Define FICNN Network Architecture

Use the buildConstrainedNetwork function to create a fully input convex neural network suitable for this data set.

  • The CIFAR-10 images are 32-by-32 pixels. Therefore, create a fully convex network specifying the inputSize=[32 32 3].
  • Specify a vector a hidden unit sizes of decreasing value in numHiddenUnits. The final number of outputs of the network must be equal to the number of classes, which in this example is 10.
inputSize = [32 32 3];
numHiddenUnits = [512 128 32 10];

Seed the network initialization for reproducibility.

rng(0);
ficnnet = buildConstrainedNetwork("fully-convex",inputSize,numHiddenUnits)
ficnnet = 
  dlnetwork with properties:

         Layers: [15x1 nnet.cnn.layer.Layer]
    Connections: [17x2 table]
     Learnables: [14x3 table]
          State: [0x3 table]
     InputNames: {'image_input'}
    OutputNames: {'add_4'}
    Initialized: 1

  View summary with summary.

plot(ficnnet)

Specify Training Options

Train for a specified number of epochs with a mini-batch size of 256. To attain high training accuracy, you may need to train for a larger number of epochs, for example numEpochs=8000, which could take several hours.

numEpochs = 8000;
miniBatchSize = 256;
initialLearnRate = 0.1;
decay = 0.005;
lossMetric = "crossentropy";

Create a minibatchqueue object that processes and manages mini-batches of images during training. For each mini-batch:

  • Use the custom mini-batch preprocessing function preprocessMiniBatch (defined at the end of this example) to convert the labels to one-hot encoded variables.
  • Format the image data with the dimension labels "SSCB" (spatial, spatial, channel, batch). By default, the minibatchqueue object converts the data to dlarray objects with underlying type single.
  • Discard partial mini-batches.
  • Train on a GPU if one is available. By default, the minibatchqueue object converts each output to a gpuArray if a GPU is available. Using a GPU requires Parallel Computing Toolbox™ and a supported GPU device. For information on supported devices, see GPU Support by Release.
xds = arrayDatastore(XTrain,IterationDimension=4);
tds = arrayDatastore(TTrain,IterationDimension=1);
cds = combine(xds,tds);
mbqTrain = minibatchqueue(cds,...
    MiniBatchSize=miniBatchSize,...
    MiniBatchFcn=@preprocessMiniBatch,...
    MiniBatchFormat=["SSCB" ""], ...
    PartialMiniBatch="discard");

Train Network

Use the trainConstrainedNetwork to train the fully input convex network, using the training options in the previous section. Note that the "crossentropy" loss in the trainConstrainedNetwork applies a softmax operation to the convex network outputs first, before computing the cross-entropy. This is because adding a softmaxLayer operation to the network does not preserve convexity, so the softmax is incorporated into the network loss instead.
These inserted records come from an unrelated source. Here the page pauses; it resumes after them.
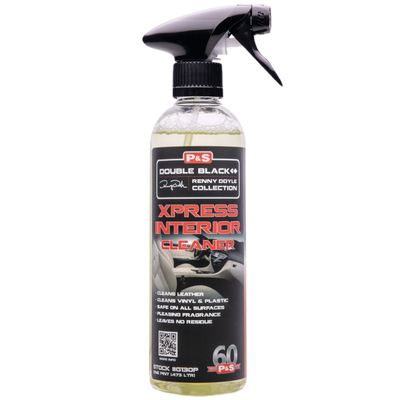 P & S Xpress Interior Cleaner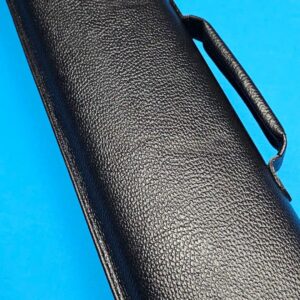Castillo 2x4 Black Leather w/ Wool Liner - Image 9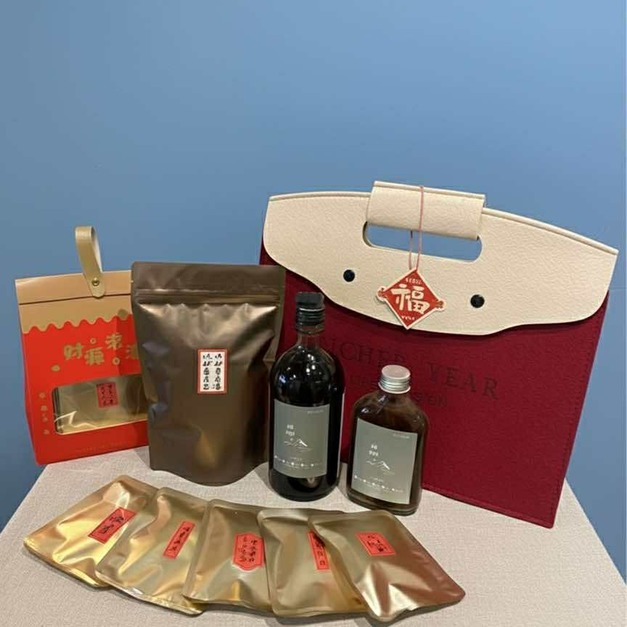 【F組-走馬看發】咖啡全明星禮盒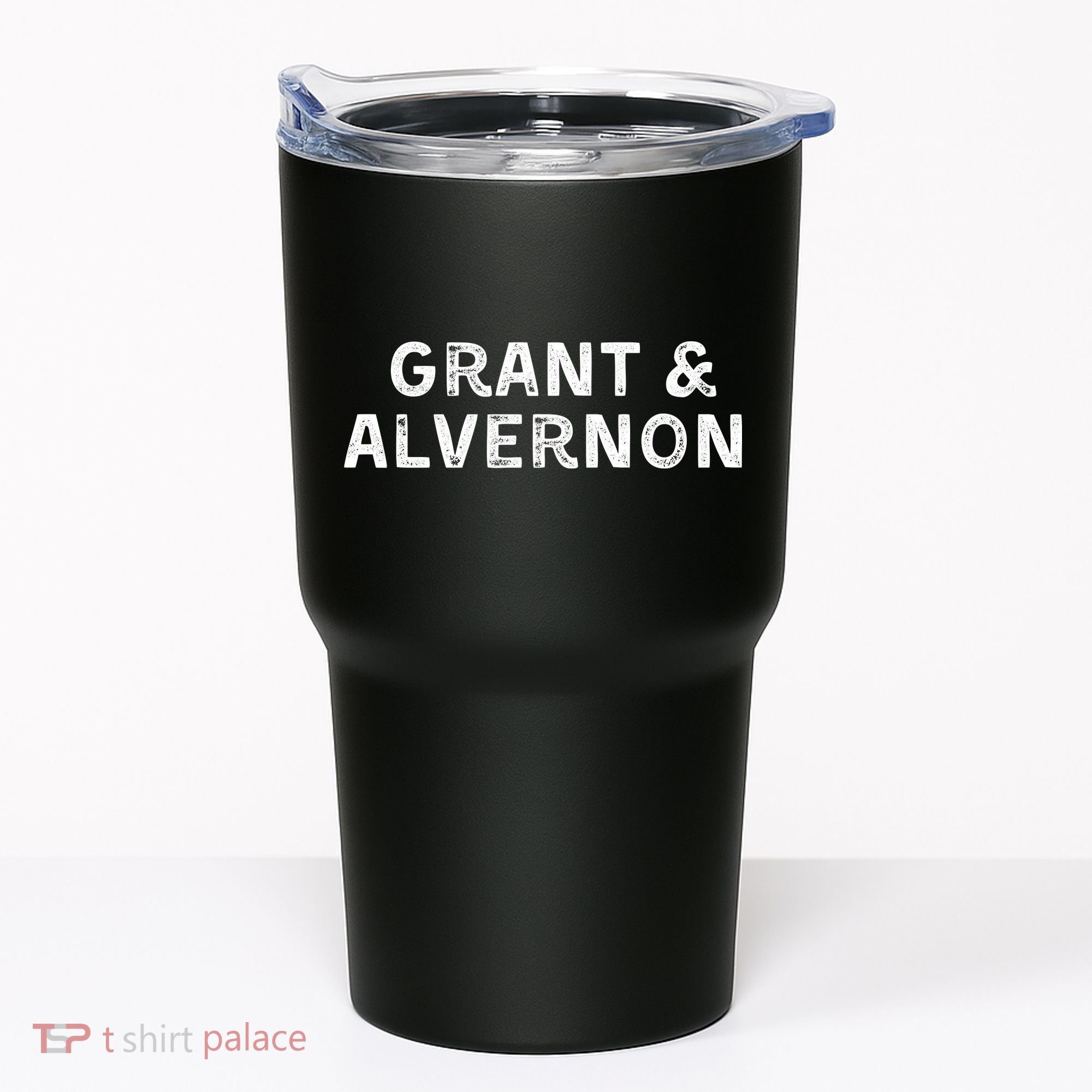 Grant & Alvernon Tumbler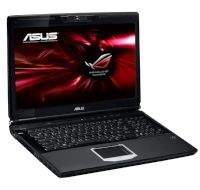 ASUS G60 series Intel Core i5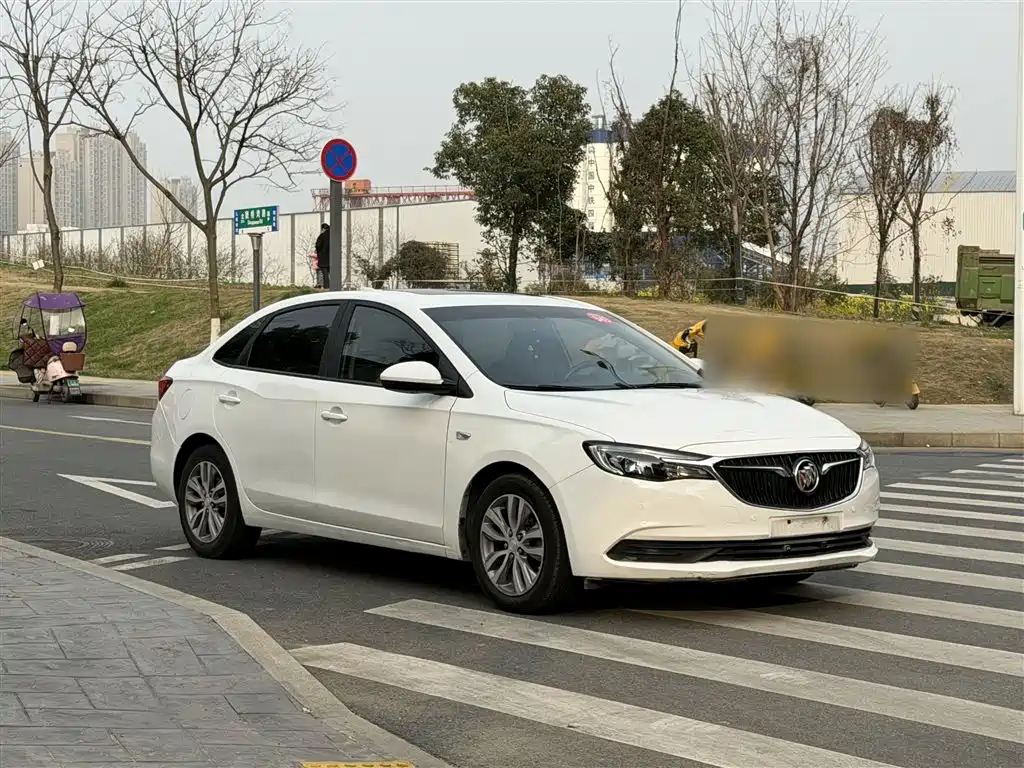 Buick Excelle 2019 18T Auto Connected Elite China VI фото 22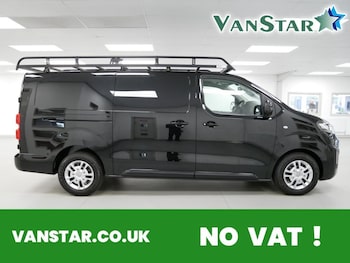 Used Vauxhall Vivaro 2021 for sale - 75559851: Photo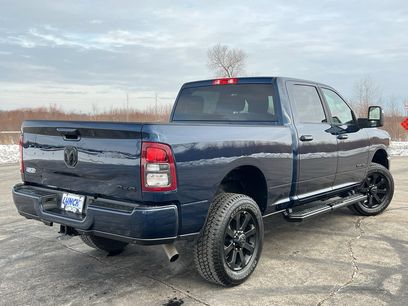 Used 2024 RAM 2500 Big Horn w/ Night Edition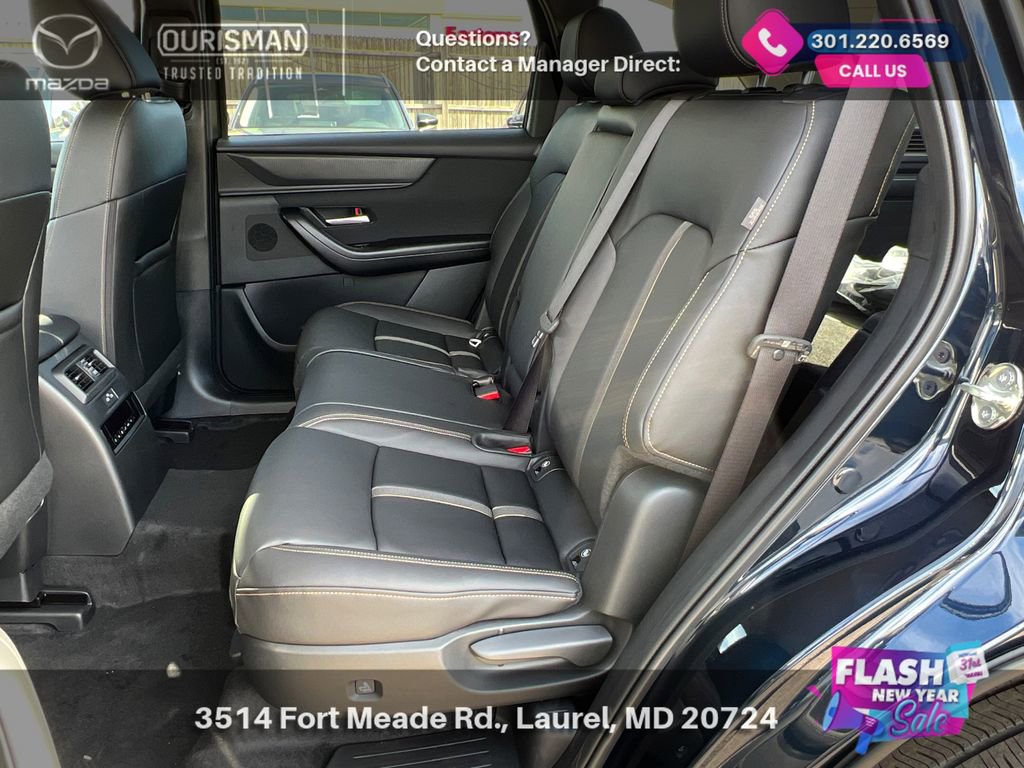 New 2026 MAZDA CX-90 3.3 Turbo w/ Select Package image 19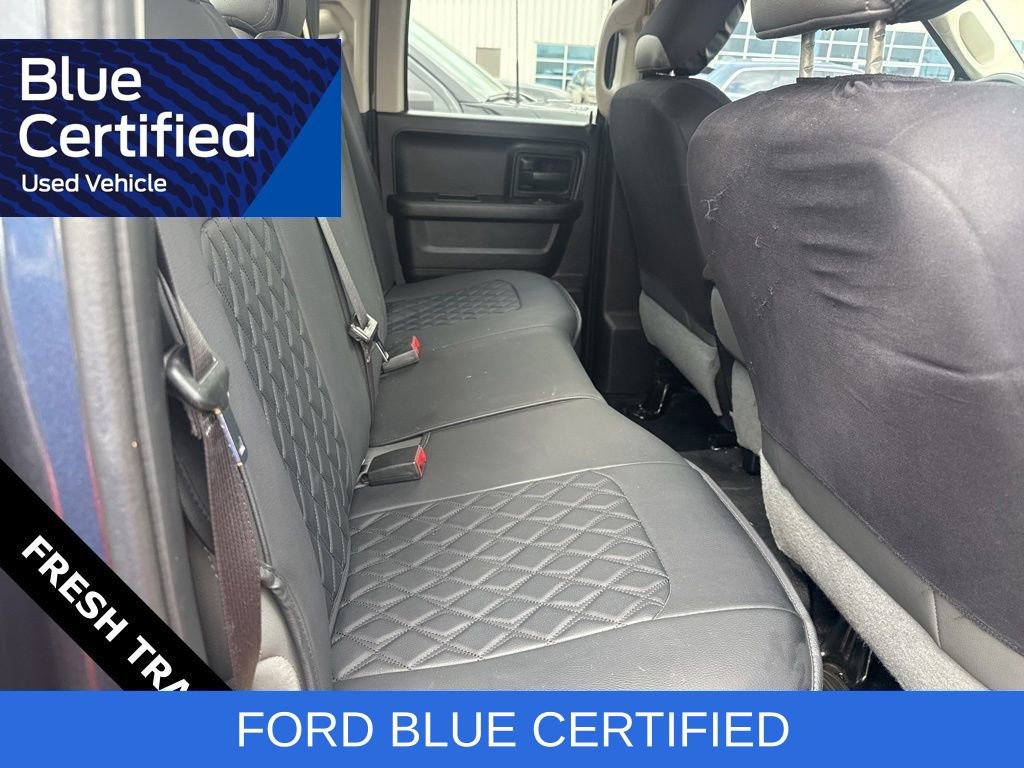 Used 2020 RAM 1500 Tradesman w/ Chrome Appearance Group image 6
Note the training can take several minutes to several hours to complete, depending on the choice of numEpochs.

trained_ficnnet = trainConstrainedNetwork("fully-convex",ficnnet,mbqTrain,...
    MaxEpochs=numEpochs,...
    InitialLearnRate=initialLearnRate,...
    Decay=decay,...
    LossMetric=lossMetric,...
    ShuffleMinibatches=false,...
    TrainingMonitorLogScale=false);

Evaluate Trained Network

Calculate the final accuracy of the network on the training set and test set. To make predictions with multiple observations, use the minibatchpredict function. First create a minibatchqueue for the test data set.

xds = arrayDatastore(XTest,IterationDimension=4);
tds = arrayDatastore(TTest,IterationDimension=1);
cds = combine(xds,tds);
mbqTest = minibatchqueue(cds,...
    MiniBatchSize=miniBatchSize,...
    MiniBatchFcn=@preprocessMiniBatch,...
    MiniBatchFormat=["SSCB" ""], ...
    PartialMiniBatch="discard");

Next, use the minibatchpredict function to compute the network outputs. To convert the prediction scores to labels, use the scores2label function as well as apply the softmax function to the output of the convex network. The minibatchpredict function automatically uses a GPU if one is available. Using a GPU requires a Parallel Computing Toolbox™ license and a supported GPU device. For information on supported devices, see GPU Computing Requirements. Otherwise, the function uses the CPU.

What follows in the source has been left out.